Hello everyone. It is my pleasure to bring you the greatest house I have ever seen. The house of a true visionary. A real ad-hocist. A genuine pioneer of fenestration. This house is in Alabama. It was built in 1980 and costs around $5 million. It is worth every penny. Perhaps more.

Now, I know what you're thinking: "Come on, Kate, that's a little kooky, but certainly it's not McMansion Heaven. This is very much a house in the earthly realm. Purgatory. McMansion Purgatory." Well, let me now play Beatrice to your Dante, young Pilgrim. Welcome. Welcome, welcome, welcome.

It is rare to find a house that has everything. A house that wills itself into Postmodernism yet remains unable to let go of the kookiest moments of the prior zeitgeist, the Bruce Goffs and Earthships, the commune houses built from car windshields, the seventies moments of psychedelic hippie fracture. It is everything. It has everything.
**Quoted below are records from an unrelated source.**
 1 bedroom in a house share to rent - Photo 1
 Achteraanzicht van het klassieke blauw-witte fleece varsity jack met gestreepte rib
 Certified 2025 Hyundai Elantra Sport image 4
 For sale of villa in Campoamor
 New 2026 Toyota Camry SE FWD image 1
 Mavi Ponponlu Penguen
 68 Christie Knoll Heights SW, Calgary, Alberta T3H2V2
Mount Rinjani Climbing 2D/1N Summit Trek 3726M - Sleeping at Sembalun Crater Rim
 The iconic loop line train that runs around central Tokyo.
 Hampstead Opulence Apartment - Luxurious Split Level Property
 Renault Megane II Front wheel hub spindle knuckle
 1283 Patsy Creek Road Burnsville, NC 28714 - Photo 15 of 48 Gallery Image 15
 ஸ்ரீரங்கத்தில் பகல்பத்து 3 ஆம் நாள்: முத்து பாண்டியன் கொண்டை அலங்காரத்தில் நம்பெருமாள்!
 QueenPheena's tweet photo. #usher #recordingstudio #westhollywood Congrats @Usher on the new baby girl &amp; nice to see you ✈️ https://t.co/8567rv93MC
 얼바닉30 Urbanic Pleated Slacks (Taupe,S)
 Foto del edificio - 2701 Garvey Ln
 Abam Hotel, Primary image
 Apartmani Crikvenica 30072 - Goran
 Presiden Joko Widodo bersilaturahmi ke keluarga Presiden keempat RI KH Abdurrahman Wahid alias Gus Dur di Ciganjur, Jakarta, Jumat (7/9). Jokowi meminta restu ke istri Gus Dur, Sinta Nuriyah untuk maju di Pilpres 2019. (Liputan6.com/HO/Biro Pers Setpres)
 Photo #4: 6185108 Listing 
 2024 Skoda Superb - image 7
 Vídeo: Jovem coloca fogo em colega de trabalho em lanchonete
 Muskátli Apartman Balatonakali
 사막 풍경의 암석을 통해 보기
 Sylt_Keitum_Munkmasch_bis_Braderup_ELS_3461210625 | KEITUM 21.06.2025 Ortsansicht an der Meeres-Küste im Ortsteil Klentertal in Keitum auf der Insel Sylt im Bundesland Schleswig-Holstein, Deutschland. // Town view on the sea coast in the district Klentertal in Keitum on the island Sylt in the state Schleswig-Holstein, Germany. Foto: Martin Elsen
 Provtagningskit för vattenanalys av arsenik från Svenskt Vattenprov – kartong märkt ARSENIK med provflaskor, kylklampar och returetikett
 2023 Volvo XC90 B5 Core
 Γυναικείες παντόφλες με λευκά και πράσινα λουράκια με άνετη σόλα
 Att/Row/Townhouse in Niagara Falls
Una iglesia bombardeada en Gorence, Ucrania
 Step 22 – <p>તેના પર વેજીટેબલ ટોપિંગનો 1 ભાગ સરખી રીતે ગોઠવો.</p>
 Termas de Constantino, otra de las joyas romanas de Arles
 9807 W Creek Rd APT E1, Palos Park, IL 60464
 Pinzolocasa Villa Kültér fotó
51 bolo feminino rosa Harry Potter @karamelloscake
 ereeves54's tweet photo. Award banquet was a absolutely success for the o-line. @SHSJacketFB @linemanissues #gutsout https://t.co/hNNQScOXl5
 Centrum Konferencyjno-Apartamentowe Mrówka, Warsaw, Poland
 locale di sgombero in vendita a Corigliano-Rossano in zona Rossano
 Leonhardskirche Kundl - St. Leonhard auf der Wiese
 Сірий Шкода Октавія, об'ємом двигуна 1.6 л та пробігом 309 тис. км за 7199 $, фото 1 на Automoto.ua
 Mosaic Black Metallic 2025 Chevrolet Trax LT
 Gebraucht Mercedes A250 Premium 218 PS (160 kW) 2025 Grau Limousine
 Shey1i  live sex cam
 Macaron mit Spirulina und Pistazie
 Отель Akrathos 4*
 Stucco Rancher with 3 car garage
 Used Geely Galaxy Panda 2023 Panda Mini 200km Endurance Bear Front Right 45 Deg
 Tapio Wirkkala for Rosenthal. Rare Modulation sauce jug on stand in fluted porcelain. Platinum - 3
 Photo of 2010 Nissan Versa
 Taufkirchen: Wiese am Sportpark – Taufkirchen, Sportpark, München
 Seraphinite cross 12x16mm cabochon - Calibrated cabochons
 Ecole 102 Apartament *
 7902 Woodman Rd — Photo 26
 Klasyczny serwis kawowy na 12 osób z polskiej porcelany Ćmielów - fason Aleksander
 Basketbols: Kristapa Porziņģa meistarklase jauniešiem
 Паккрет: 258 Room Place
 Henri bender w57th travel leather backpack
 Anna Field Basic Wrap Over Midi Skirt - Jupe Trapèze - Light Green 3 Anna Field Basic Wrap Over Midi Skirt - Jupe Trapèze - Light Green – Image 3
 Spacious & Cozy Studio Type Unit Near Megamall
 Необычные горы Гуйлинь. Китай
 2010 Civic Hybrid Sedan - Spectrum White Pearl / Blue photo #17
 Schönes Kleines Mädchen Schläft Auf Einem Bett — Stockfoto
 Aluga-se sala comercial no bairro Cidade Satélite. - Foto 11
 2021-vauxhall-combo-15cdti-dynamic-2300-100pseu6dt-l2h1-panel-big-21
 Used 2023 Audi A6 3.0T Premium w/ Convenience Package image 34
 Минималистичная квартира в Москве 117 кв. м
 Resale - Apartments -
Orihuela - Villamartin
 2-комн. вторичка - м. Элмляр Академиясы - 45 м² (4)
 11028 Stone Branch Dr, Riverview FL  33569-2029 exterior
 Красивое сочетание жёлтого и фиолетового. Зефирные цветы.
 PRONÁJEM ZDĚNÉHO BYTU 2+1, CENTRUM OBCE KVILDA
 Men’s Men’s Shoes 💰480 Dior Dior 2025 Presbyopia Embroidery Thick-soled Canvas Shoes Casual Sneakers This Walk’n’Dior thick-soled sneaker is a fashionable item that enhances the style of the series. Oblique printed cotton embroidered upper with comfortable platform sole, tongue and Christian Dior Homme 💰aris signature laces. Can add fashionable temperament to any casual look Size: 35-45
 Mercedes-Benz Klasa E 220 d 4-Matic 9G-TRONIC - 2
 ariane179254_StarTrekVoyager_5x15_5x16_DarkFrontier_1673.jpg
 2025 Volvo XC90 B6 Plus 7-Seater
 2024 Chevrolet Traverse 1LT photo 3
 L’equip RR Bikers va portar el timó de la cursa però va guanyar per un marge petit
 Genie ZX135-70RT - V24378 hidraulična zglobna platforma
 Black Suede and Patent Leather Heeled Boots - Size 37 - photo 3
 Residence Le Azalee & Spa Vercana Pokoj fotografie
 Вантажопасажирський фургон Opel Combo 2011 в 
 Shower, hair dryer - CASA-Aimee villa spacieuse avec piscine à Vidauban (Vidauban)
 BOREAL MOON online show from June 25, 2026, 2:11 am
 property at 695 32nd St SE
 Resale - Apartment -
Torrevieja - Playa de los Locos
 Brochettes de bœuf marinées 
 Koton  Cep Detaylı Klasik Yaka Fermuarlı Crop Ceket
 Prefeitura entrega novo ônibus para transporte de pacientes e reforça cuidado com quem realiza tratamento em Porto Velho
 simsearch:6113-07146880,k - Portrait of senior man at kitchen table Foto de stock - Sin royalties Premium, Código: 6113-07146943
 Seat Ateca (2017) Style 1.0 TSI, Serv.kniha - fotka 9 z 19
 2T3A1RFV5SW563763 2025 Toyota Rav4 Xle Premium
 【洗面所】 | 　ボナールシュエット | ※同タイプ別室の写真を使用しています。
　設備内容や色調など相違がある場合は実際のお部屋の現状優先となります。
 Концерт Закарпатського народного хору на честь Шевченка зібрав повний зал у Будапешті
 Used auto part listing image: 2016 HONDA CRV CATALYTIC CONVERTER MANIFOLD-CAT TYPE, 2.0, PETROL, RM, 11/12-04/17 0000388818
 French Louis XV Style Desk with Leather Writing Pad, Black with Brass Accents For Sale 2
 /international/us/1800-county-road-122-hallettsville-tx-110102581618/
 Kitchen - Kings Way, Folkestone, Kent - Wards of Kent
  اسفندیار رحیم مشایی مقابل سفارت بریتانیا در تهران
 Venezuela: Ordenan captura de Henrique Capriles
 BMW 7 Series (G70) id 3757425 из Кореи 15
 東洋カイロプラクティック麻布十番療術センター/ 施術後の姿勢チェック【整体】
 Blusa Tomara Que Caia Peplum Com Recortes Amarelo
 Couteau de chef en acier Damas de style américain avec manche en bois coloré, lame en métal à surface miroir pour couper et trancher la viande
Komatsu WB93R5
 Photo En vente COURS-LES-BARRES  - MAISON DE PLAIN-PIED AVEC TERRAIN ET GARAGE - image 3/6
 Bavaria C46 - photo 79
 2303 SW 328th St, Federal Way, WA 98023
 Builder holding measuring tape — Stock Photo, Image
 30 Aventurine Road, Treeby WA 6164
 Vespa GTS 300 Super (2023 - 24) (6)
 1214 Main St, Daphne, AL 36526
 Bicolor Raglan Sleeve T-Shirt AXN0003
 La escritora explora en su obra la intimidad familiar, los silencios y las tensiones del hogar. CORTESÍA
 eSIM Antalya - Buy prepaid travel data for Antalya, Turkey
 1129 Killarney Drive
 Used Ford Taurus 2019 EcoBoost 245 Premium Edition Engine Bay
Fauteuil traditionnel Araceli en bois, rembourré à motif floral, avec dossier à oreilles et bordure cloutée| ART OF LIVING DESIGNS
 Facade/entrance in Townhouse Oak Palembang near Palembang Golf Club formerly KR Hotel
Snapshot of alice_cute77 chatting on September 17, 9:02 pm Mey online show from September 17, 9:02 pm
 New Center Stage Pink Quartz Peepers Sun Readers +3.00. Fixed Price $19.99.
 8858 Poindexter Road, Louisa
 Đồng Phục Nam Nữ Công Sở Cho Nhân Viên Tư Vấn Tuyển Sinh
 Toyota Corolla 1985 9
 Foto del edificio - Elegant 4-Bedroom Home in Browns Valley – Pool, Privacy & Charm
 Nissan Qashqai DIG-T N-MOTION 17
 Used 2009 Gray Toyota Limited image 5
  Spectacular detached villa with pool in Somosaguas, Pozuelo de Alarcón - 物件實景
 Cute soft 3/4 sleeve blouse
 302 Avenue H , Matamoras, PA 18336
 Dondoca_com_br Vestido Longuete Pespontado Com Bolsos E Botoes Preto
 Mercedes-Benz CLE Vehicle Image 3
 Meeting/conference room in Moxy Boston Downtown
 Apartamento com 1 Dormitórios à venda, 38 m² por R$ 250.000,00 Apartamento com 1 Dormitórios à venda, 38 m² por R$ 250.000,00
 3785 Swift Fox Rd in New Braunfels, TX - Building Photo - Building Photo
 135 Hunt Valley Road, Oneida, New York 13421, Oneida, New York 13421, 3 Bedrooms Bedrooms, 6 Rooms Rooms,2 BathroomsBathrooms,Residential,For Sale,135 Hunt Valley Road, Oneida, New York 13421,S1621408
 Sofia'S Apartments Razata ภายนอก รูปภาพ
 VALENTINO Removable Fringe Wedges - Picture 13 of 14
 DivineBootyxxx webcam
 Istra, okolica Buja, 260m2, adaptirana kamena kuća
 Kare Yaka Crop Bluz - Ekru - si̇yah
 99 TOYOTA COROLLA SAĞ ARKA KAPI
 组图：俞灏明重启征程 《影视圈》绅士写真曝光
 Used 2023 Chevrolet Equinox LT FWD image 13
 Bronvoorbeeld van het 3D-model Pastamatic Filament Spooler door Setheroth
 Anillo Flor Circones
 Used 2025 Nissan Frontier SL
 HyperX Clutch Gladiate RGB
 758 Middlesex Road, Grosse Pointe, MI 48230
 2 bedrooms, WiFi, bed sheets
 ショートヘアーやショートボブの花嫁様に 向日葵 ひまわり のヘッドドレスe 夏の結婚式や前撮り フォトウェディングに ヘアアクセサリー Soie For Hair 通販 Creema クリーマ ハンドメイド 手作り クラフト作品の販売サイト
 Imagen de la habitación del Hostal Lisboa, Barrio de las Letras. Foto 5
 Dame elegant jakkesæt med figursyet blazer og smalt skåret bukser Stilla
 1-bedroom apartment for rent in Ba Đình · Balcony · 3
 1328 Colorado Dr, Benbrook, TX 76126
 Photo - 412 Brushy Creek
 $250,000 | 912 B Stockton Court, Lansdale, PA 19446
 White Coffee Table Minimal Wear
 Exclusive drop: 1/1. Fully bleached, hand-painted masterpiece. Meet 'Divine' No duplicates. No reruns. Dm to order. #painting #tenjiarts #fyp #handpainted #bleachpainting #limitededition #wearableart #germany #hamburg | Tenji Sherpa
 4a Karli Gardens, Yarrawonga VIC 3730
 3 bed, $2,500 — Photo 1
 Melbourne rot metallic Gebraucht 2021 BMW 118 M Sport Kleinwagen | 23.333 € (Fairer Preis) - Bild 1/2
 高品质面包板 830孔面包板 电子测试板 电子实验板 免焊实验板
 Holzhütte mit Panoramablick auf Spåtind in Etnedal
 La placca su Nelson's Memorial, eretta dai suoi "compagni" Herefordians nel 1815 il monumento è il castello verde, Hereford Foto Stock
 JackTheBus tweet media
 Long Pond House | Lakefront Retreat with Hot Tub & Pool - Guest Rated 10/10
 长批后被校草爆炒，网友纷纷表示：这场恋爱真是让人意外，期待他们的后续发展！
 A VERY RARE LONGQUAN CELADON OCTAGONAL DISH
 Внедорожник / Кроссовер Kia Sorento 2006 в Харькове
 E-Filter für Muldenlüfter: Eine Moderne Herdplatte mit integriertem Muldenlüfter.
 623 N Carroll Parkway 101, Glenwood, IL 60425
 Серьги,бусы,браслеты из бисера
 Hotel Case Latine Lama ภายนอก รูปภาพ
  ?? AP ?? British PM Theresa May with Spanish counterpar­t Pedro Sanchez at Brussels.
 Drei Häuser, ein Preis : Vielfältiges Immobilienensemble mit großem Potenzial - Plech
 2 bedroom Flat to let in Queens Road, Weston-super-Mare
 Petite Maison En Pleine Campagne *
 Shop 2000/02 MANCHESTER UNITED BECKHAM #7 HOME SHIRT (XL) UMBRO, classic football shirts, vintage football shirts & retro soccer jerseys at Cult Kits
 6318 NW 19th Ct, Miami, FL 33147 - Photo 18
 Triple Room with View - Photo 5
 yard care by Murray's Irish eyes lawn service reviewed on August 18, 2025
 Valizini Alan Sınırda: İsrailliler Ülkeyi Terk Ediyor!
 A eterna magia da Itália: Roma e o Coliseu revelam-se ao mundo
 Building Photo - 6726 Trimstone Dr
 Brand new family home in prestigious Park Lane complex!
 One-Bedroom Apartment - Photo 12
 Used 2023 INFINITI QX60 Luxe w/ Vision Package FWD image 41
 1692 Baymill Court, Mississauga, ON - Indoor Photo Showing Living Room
It is theme park, it is High Tech. It is Renaissance (in the San Antonio Riverwalk sense of the word.) It is medieval. It is maybe the greatest pastiche to sucker itself to the side of a mountain, perilously overlooking a large body of water. Look at it. Just look.

The inside is white. This makes it dreamlike, almost benevolent. It is bright because this is McMansion Heaven and Gray is for McMansion Hell. There is an overbearing sheen of 80s optimism. In this house, the credit default swap has not yet been invented, but could be.

It takes a lot for me to drop the cocaine word because I think it's a cheap joke. But there's something about this example that makes it plausible, not in a derogatory way, but in a liberatory one, a sensuous one. Someone created this house to have a particular experience, a particular feeling. It possesses an element of true fantasy, the thematic. Its rooms are not meant to be one cohesive composition, but rather a series of scenes, of vastly different spatial moments, compressed, expanded, bright, close.

And then there's this kitchen for some reason. Or so you think. Everything the interior design tries to hide, namely how unceasingly peculiar the house is, it is not entirely able to because the choices made here remain decadent, indulgent, albeit in a more familiar way.

Rare is it to discover an interior wherein one truly must wear sunglasses. The environment created in service to transparency has to somewhat prevent the elements from penetrating too deep while retaining their desirable qualities. I don't think an architect designed this house. An architect would have had access to specifically engineered products for this purpose. Whoever built this house had certain access to architectural catalogues but not those used in the highest end or most structurally complex projects. The customization here lies in the assemblage of materials and in doing so stretches them to the height of their imaginative capacity. To borrow from Charles Jencks, ad-hoc is a perfect description. It is an architecture of availability and of adventure.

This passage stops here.